4/03/2007

Pass the Hoosh Please, Captain Worsley

Although on this last trip to Antarctica we were only "on the continent" for some three days, this blog is, after all, named antarcticiana, so bear with me as I squeeze as much mileage as possible out of the whole experience. And despite its flatulent length, that last Worsley entry ended rather abruptly, I thought. His book contains one juicy quotable morsel of rugged adventure after another and I just had to share as much as possible. You really should just buy the book for yourself and save me quoting it every time I feel the need to serve up another dollop of Antarctic peril. Until that happens, however, you will have to put up with it.

What passes for Hoosh on board the Alexey Maryshev. Believe it or not, after a week of this constant gourment overload we were begging for beef jerky and pop-tarts.

On each and every one of the great Antarctic expeditions on which English was the primary language spoken, the joy of mealtime in the frozen wastes of the deep south were summoned with one word, bellowed out by the cook: "Hoosh!" It is always the cry of "Hoosh" that brings the men running for their hot sustenance. Hoosh? Why, in the Antarctic literature in general, is "hoosh" a synonym for food? Is this archaic slang? Transplanted navalese, like the army's "grub"? An onomatopoeia derived from the hissing of a Primus stove? Until I read Shackleton's Boat Journey I was mystified, but Worsley provides an explanation. "Hoosh," he writes, "what a joyous sound that word had for us. A corruption of a North American Indian word 'hooch,' meaning a drink, but now used in the form "hoosh" for a sloppy food that can be consumed by drinking--not necessarily by inhaling."
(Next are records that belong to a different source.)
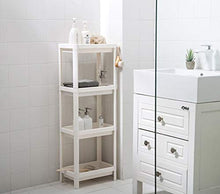 &ripiano di stoccaggio Cucina Carrelli, multifunzionale Rack storage con pulegge, stoccaggio Spice Rack Scaffale di finitura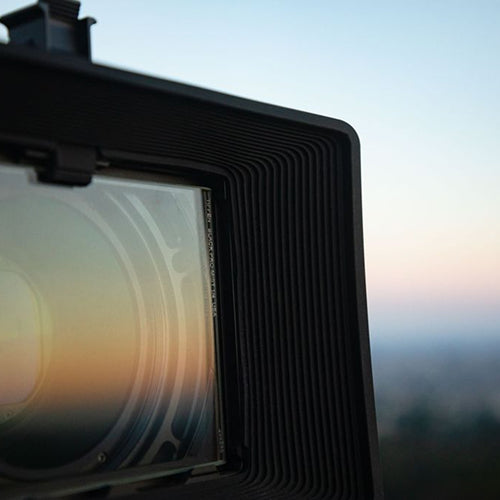 6.6 x 6.6" Combination 85/ND Filter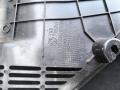 обшивка багажника BMW i8 I12 2015, 1.5 л., гибрид, полный привод, 51437316266, 7316266 - фото №3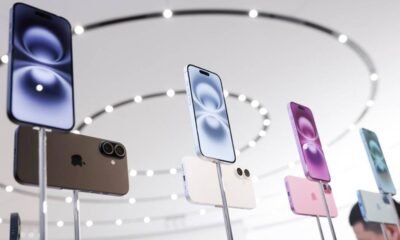¿iPhones más caros? La escasez mundial de chips de memoria pone a Apple bajo la lupa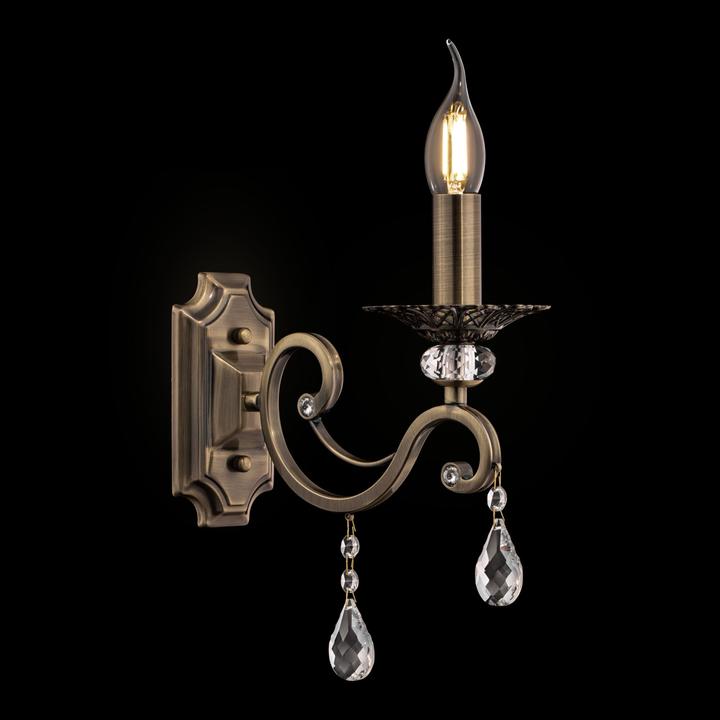 Actual product image Maytoni Grace (E14)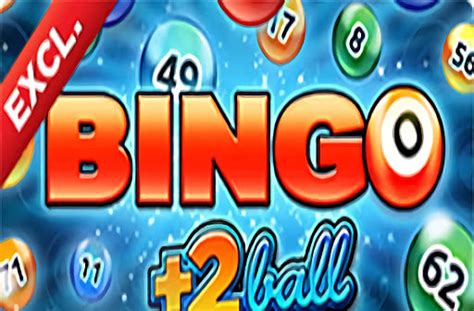 Игра Bingo 2Ball  играть бесплатно онлайн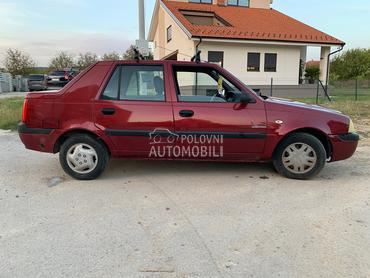 Dacia Solenza 1,4i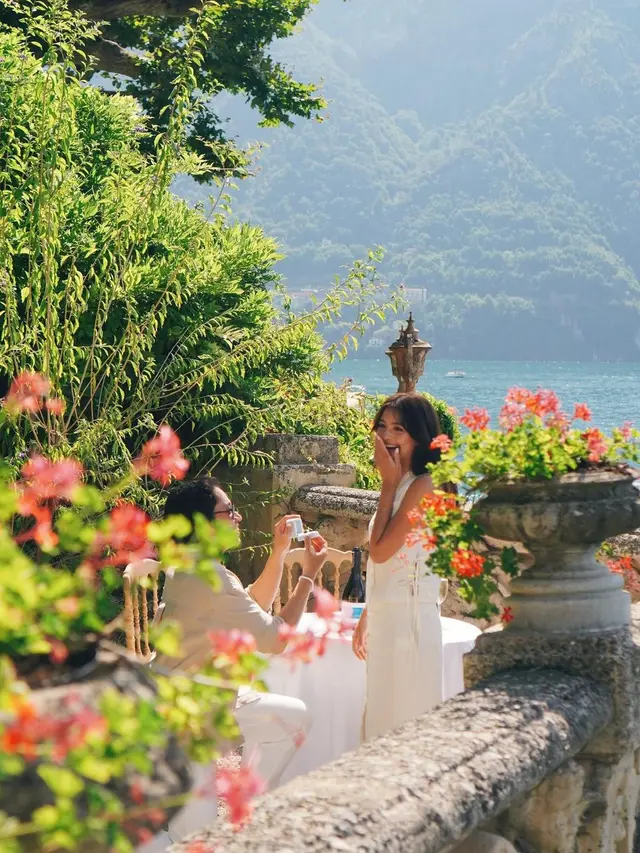 Amanda Rawles dilamar (Instagram/amandarawles)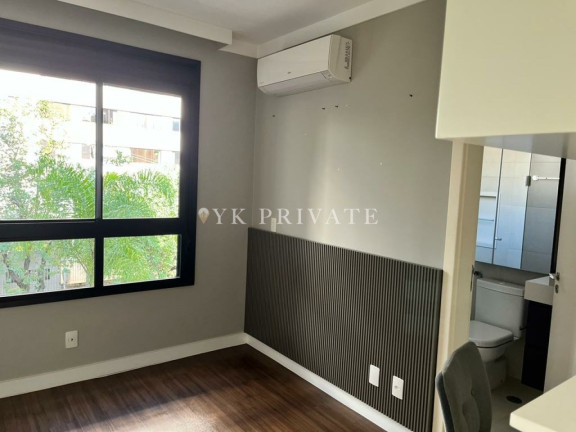 Imagem Apartamento com 2 Quartos à Venda, 89 m² em Sumaré - São Paulo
Although all descriptions of what is actually in it sound revolting to anyone who has not spent their day freezing near to death, pulling a sledge of provisions over a glacier, or repairing a rowboat on an ice-strewn beach, whipped by stinging salt-slush, the word hoosh is used with reverence and savor in so many explorers accounts that one almost wishes one could taste some of the life-giving manna.




In Worsley's account hoosh is any pot of hot and soupy stuff. He lists the principal ingredients of their party's hoosh, which, he adds, had wonderful antiscorbutic properties: lard, oatmeal, beef protein, vegetable protein, salt and sugar. "It had the consistency of a new cheese and a yellow-brown color, but looked, when boiled with water, like thick pea soup. In cooking, the aroma of this ambrosia rose as incense to the gods. Any one of us would cheerfully have murdered a Chinaman for a pound of it. With a gill of Johnnie Walker it would have made a noble libation to Bacchus."

But supplies often ran thin, or out, and to the carefully prepared hoosh mixture was added any of a host of other ingredients that happened by: milk powder, penguin liver, butter, a shot of sherry, snow, seal blubber, pemmican, cutlet of skua, Xavier Mertz, baby albatross, elephant seal, pack dog, and old leather boots.

The intrepid crew working up an appetite on the "monkey deck."